Photo by PHILIPPE LOPEZ/AFP via Getty Images
PARIS - An old painting found in the kitchen of an elderly French woman, who considered it an icon of little importance, has made her a multimillionaire.
The work, a masterpiece attributed to the 13th-century Italian painter Cimabue that was discovered earlier this year, sold for 24 million euros ($26.6 million) Sunday.
Dominique Le Coent of Acteon Auction House, who sold the masterpiece to an anonymous buyer near Chantilly, north of Paris, said the sale represented a "world record for a primitive, or a pre-1500 work."
"It's a painting that was unique, splendid and monumental. Cimabue was the father of the Renaissance. But this sale goes beyond all our dreams," Le Coent told The Associated Press.

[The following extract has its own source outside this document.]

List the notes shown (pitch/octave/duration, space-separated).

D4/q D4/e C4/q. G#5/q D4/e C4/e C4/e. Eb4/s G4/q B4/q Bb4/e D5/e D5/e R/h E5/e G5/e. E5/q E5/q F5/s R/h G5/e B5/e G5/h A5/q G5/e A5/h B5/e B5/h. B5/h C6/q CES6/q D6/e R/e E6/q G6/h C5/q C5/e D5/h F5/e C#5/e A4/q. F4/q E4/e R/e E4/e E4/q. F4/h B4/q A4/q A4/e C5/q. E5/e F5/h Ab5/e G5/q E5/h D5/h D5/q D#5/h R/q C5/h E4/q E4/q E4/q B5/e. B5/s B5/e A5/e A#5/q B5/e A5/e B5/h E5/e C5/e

An auctioneer spotted the painting in June while inspecting a woman's house in Compiegne in northern France and suggested she bring it to experts for an evaluation. It hung on a wall between the kitchen and dining room.
The woman will now receive "the majority" of the sale money, the auction house said.

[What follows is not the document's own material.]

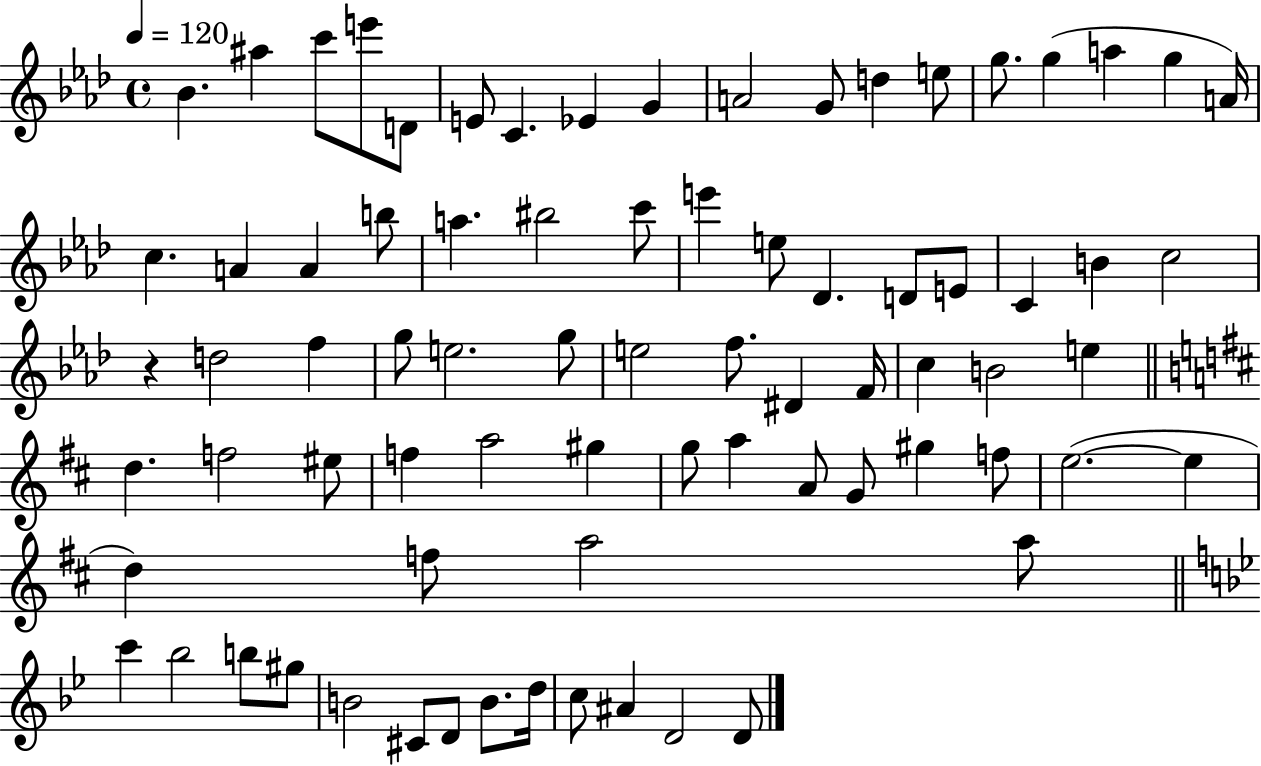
Bb4/q. A#5/q C6/e E6/e D4/e E4/e C4/q. Eb4/q G4/q A4/h G4/e D5/q E5/e G5/e. G5/q A5/q G5/q A4/s C5/q. A4/q A4/q B5/e A5/q. BIS5/h C6/e E6/q E5/e Db4/q. D4/e E4/e C4/q B4/q C5/h R/q D5/h F5/q G5/e E5/h. G5/e E5/h F5/e. D#4/q F4/s C5/q B4/h E5/q D5/q. F5/h EIS5/e F5/q A5/h G#5/q G5/e A5/q A4/e G4/e G#5/q F5/e E5/h. E5/q D5/q F5/e A5/h A5/e C6/q Bb5/h B5/e G#5/e B4/h C#4/e D4/e B4/e. D5/s C5/e A#4/q D4/h D4/e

The expected sale price had been 4 million to 6 million euros ($4.4 million to $6.6 million).
Le Coent said experts were off the mark because it was the first time a Cimabue had ever gone under the hammer. "There's never been a Cimabue painting on sale so there was no reference previously on how much it could make," he explained.
Titled "Christ Mocked," the painting measures about 10 inches by 8 inches (24 by 20 centimeters).
Art experts say it is likely part of a larger diptych that Cimabue painted around 1280, of which two other panels are displayed at the Frick Collection in New York and the National Gallery in London.
The painting's discovery has sent ripples of excitement through the art world.
Cimabue, who taught Italian master Giotto, is widely considered the forefather of the Italian Renaissance. He broke from the Byzantine style popular in the Middle Ages and began to incorporate elements of movement and perspective that came to characterize Western painting.
Specialists at the Turquin gallery in Paris initially examined the painting and concluded with "certitude" that it bore the hallmarks of Cimabue.
Stephane Pinta, an art specialist with the Turquin, pointed to likenesses in facial expressions and buildings, as well as the painter's techniques for conveying light and distance.